Oh Max Im soooo sorry! I miss her too, I cant believe she's gone!!! *lots and lots and lots and lots and lots and lots of hugs*


----------



## flamingauburnmustang (Dec 25, 2008)

Thanks everyone! I will miss her, and I guess only time will lessen the pain...


----------



## my2geldings (Feb 18, 2008)

awwww so sorry to hear about the news. It is so comforting to know she was in your care all this time, all the way to the time went. She must have been so much at peace and to me, it is so comforting.

Sending all my love from Canada.


----------



## Speed Racer (Oct 21, 2009)

flamingauburnmustang said:


> Thanks everyone! I will miss her, and I guess only time will lessen the pain...


Yes, the best healer is time.

You'll eventually be able to talk about her with a smile, and remember all the good times. It takes awhile, but you will. I promise.

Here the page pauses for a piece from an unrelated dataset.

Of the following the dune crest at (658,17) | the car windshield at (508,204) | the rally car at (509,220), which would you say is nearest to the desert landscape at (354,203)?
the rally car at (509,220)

My deepest condolences. It's always hard to lose one, but the extra special ones are that much worse.


----------



## Jordi (Nov 29, 2009)

I'm sorry to hear about Stoeka. She was a beautiful girl. :-(


----------



## flamingauburnmustang (Dec 25, 2008)

I'm starting to find it a little easier to talk about her now. I'm remembering all the good times we had together, and all the joy she brought to us. She will be a horse that I will remember everyday that I ride, and she will be the special one that helped me through lots of times...

There is not one day I go without thinking of her...


----------



## LoveStory10 (Oct 31, 2009)

I know how you feel, she really was an awsome horse... Its as you said; only time can heal it, and its good you can talk about her  And if you DONT think about her everyday, I'll beat you with a brick like Sammy threatens


----------